In terms of scale, I can’t decide whether this is the biggest challenge I’ve faced as a leader. In terms of ‘bums on seats’, then yes, this school is the biggest. In terms of the scale standards need to improve, then yes, probably.
People who know me have commented that I seem more relaxed than I ever have in my entire career. I can’t deny that, for the first time in my adult life, I am sleeping really well. Odd, considering the scale of the challenge I am facing.
Why is this?
Some of this must be down to the ‘honeymoon’ period. I can sleep at night because none of it’s my fault! I don’t mean that I am regularly throwing my predecessor under the bus…that wouldn’t be classy, fair, or truthful. But it is so exhilarating to be the fresh pair of eyes. You can be open to the school’s issues in a way that becomes harder to do once you are entrenched in the systems yourself. I am relishing every opportunity to listen without prejudice and put in place lessons learned. In doing so I can feel other staff members ‘loosen up’ and not take criticism or complaints personally. (I only hope that they can do the same for me later on!)
On reflection, some of my new-found peace and tranquillity is down to having left my previous school behind. There is so much I loved and still treasure about that place. But there were elements that were impacting on me in ways that I now see were causing me immense stress. I shan’t go into details, but it has been incredibly cathartic to experience a new setting where these elements operate differently. Again, I fully expect my new setting to present its own stresses later on down the line, but I feel more confident that I will be able to identify the warning signs and put in place measures to maintain organisational appropriateness as well as my own well-being.
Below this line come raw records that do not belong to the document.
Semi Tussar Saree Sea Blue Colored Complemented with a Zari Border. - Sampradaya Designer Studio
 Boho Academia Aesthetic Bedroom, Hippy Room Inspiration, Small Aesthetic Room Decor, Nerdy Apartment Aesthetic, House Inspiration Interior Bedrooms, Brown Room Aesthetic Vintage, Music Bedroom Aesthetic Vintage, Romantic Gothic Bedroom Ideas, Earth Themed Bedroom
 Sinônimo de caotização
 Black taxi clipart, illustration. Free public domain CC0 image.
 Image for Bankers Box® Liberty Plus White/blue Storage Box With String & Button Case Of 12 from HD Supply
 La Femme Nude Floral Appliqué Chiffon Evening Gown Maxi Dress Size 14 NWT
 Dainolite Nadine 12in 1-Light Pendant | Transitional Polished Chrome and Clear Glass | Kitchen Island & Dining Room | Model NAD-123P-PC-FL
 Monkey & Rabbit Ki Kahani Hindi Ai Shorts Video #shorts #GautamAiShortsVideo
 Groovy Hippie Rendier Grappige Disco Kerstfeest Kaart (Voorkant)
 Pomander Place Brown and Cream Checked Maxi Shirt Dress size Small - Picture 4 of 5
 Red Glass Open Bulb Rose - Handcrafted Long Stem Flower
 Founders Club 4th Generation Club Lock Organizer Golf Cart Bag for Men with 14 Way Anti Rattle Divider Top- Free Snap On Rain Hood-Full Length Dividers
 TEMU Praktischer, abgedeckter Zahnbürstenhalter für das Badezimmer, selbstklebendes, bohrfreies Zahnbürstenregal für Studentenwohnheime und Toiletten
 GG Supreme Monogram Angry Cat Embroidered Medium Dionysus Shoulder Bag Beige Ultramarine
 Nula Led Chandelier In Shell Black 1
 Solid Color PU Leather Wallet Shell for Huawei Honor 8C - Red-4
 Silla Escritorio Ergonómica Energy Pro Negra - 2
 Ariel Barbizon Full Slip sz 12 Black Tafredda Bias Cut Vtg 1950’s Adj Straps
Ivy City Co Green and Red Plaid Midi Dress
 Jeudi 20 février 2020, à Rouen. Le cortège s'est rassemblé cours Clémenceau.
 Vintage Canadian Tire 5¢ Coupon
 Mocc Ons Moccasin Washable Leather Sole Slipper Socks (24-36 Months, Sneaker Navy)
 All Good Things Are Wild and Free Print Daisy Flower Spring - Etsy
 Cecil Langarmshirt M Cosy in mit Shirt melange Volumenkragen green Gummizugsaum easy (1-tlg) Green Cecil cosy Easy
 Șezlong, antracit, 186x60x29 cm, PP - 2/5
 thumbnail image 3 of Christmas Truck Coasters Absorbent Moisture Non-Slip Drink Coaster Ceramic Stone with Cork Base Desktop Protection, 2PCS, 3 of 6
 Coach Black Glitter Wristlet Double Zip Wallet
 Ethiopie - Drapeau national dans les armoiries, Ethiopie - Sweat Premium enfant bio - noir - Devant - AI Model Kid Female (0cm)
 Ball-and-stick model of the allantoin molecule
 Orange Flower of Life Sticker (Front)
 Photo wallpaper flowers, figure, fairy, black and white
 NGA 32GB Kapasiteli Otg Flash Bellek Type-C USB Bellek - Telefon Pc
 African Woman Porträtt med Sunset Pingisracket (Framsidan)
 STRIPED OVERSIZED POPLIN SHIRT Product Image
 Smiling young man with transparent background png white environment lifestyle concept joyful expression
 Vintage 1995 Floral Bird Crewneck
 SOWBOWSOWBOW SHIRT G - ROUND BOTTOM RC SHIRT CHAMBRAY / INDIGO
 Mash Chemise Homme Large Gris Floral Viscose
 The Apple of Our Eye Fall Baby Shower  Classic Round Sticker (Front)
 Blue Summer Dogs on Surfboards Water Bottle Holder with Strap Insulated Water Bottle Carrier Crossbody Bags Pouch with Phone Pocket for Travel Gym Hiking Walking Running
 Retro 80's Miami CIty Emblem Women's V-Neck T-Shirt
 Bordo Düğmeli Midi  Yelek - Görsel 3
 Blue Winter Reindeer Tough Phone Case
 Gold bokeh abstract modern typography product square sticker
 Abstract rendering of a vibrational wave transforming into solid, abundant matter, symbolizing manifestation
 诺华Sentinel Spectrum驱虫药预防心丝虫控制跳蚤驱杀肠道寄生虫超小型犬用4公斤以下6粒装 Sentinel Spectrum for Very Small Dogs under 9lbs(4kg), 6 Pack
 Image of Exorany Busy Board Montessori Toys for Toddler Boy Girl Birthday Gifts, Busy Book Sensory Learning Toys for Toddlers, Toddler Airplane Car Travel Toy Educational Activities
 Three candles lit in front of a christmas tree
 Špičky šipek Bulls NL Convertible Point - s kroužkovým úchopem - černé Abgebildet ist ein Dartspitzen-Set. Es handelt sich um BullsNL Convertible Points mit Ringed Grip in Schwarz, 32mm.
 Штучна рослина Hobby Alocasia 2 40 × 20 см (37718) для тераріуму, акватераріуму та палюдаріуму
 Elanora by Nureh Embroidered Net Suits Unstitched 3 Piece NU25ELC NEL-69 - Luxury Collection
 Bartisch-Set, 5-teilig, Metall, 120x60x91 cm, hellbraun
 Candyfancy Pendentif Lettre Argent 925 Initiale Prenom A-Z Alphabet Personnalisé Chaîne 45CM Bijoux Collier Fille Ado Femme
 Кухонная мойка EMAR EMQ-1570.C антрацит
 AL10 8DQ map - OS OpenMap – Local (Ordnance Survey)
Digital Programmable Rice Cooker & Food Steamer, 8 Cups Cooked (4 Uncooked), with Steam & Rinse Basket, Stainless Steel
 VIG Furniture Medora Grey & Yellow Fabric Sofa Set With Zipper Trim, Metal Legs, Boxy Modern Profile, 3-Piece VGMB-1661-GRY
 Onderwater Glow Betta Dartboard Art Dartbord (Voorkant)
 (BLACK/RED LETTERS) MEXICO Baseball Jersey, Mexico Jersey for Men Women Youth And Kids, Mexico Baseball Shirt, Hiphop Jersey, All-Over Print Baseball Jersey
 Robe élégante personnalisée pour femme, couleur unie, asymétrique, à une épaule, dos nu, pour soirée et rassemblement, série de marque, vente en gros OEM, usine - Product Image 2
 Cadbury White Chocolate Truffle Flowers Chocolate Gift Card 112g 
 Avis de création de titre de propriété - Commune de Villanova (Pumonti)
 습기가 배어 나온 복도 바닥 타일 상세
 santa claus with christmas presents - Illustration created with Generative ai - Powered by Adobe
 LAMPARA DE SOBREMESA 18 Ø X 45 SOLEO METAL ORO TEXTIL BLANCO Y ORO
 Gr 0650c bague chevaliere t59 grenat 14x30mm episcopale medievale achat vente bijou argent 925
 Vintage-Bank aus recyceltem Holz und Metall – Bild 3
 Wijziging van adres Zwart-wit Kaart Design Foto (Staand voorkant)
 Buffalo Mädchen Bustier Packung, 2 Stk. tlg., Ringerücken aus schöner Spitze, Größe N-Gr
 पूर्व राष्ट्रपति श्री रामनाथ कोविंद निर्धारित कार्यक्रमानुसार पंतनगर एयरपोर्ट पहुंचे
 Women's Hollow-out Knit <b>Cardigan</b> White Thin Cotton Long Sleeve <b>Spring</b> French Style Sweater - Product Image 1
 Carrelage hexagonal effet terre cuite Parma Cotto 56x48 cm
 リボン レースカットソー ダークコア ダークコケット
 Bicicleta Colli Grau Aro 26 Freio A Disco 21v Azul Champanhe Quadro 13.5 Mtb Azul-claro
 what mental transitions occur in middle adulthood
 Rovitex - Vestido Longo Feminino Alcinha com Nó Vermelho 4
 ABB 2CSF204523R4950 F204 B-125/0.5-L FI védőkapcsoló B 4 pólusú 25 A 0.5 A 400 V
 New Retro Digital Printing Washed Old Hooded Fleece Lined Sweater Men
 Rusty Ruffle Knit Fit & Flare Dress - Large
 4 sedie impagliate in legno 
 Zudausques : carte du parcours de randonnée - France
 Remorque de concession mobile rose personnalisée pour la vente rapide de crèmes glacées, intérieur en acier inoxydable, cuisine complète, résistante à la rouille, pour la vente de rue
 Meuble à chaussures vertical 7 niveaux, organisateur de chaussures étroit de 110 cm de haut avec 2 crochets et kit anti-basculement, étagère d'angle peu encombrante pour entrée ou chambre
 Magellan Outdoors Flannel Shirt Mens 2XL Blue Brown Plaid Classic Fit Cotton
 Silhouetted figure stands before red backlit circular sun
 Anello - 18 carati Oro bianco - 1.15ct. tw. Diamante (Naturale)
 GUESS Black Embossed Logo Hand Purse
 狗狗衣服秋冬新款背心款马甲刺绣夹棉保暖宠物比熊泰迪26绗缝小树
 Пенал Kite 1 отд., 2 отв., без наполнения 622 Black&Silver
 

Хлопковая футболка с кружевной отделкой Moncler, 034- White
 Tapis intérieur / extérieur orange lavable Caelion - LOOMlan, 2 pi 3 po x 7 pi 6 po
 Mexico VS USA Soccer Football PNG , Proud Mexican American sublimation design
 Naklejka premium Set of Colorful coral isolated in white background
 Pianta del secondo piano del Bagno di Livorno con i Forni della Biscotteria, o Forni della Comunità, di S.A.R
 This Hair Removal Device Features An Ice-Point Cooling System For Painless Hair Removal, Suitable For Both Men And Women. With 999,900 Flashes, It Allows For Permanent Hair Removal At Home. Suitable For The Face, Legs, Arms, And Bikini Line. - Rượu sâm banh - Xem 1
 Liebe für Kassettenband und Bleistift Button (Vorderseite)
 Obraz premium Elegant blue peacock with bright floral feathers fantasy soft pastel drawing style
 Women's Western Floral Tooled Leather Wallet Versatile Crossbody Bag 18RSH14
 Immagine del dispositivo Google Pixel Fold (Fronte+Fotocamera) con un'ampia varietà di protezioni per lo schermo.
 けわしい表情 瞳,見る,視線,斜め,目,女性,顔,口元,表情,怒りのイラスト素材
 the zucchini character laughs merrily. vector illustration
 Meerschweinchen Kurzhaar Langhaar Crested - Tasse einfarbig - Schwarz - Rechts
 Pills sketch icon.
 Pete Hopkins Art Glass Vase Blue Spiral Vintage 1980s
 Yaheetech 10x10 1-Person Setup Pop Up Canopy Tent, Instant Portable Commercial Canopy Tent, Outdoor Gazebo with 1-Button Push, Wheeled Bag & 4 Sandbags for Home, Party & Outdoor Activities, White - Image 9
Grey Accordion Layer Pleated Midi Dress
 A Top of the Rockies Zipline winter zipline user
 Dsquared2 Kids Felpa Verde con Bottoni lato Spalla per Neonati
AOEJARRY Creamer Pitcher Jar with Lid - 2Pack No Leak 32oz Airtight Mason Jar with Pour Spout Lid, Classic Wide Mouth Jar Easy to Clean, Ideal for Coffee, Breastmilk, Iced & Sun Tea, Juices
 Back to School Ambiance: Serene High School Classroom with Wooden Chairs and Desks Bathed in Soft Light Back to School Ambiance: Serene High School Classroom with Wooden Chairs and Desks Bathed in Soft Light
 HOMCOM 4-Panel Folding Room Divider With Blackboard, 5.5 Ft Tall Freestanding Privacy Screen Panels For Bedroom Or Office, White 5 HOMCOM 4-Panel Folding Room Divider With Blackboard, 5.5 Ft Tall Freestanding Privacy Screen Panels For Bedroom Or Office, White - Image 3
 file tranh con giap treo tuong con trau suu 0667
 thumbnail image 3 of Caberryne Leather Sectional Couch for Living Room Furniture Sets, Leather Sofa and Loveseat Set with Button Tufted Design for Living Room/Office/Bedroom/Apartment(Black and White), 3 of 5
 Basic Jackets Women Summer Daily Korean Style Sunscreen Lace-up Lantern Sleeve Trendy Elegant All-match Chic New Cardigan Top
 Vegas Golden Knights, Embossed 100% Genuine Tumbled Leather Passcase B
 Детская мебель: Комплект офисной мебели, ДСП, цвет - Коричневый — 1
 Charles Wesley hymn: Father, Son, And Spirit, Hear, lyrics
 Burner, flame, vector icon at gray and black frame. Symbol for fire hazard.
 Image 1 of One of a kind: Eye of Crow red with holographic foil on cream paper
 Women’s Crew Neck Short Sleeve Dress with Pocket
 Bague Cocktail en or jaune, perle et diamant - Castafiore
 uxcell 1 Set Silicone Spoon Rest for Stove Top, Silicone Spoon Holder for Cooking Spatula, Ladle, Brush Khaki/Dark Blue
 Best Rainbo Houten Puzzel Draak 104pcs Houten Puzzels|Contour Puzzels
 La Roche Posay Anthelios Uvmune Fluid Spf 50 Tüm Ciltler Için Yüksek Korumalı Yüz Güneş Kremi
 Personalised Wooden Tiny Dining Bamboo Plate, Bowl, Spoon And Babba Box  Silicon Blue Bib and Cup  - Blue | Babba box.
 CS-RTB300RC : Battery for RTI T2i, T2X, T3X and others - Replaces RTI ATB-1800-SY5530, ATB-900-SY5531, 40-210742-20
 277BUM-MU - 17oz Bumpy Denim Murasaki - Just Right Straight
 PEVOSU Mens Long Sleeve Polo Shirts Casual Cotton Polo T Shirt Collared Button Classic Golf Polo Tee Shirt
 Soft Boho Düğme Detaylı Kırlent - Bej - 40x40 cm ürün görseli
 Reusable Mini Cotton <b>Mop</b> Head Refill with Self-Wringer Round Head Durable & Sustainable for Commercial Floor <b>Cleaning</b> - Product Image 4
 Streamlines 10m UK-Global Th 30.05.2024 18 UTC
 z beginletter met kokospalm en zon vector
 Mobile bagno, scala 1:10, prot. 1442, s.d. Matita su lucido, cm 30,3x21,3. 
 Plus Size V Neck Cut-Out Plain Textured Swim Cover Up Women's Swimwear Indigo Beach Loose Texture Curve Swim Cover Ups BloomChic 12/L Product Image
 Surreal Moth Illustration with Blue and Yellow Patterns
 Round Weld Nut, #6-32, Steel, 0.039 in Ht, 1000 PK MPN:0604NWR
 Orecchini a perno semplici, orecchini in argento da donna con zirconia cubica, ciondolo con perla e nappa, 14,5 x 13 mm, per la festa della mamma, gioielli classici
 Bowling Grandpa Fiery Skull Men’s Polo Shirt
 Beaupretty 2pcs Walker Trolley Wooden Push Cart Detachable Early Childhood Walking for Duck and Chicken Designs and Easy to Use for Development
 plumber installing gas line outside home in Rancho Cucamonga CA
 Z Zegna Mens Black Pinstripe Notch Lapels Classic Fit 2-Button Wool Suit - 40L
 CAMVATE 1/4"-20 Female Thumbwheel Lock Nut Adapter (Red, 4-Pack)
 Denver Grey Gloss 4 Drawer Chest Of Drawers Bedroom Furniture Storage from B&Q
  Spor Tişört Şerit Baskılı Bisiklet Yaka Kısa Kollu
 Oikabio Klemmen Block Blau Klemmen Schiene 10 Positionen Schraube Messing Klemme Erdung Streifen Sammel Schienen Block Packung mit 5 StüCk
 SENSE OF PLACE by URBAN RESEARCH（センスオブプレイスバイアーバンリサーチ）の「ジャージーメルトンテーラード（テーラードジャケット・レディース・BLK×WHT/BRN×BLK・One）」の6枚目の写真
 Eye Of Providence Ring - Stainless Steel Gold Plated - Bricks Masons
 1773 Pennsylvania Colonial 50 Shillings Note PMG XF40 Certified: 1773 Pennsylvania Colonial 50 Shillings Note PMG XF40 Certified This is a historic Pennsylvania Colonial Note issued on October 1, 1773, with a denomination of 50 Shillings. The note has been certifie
Another reason why I am so cock-a-hoop at the moment is: why wouldn’t I be? It’s a new start, baby! This is the fun bit. This is the time you get to know the school and the people in it, you find its groove and you work out how best to help it evolve into something even stronger. What’s not to love? I focus on three things: equity, unity and responsibility. Get everyone (staff, pupils, governors and parents) approaching their work in school with those three ideas at the forefront of their mind and nothing seems impossible.
Plus, at the moment, it all seems to be going alright…woohoo!
The one catch, of course, is Ofsted. Technically, we’re due an inspection in January. And how sad that the one thing causing me anxiety is a 24 hour (although most likely 48 hour) visitation? The fact is, I don’t trust them. I don’t trust them – and by ‘them’ I mean each individual inspector – to make the right call. I worry that (and I am not a data denier) they could come in, be heavy handed with the stats, presume I don’t know or care, and ultimately, mess up my plan. You see, I know that improvement takes time. There’s loads I want to do at my new school but it’s not all in my SDP. It couldn’t be. If I put everything I wanted to improve inside the plan the school would suffocate. I believe you’ve got to take things one step at a time. Some of that means that not everything is going to be up to ‘my’ standard for quite a while. I am OK with that.
But will that be good enough for Ofsted?
The problem with that question is that there are multiple answers depending on the team you get. And that is nub of the Ofsted issue. I used to think that I would always want Ofsted to visit in the first year of any headship. They’d add weight to my convictions and support my journey to improvement. Now, I’m not so sure. I don’t feel I need them to come in and judge what I already know. I certainly don’t want them advising on what my development plan should be covering because they won’t know the school like I do. I definitely don’t want my school derailed by a wonky report.
Most of all though, I don’t want to lose any sleep because I’m afraid of what Ofsted dreams may come.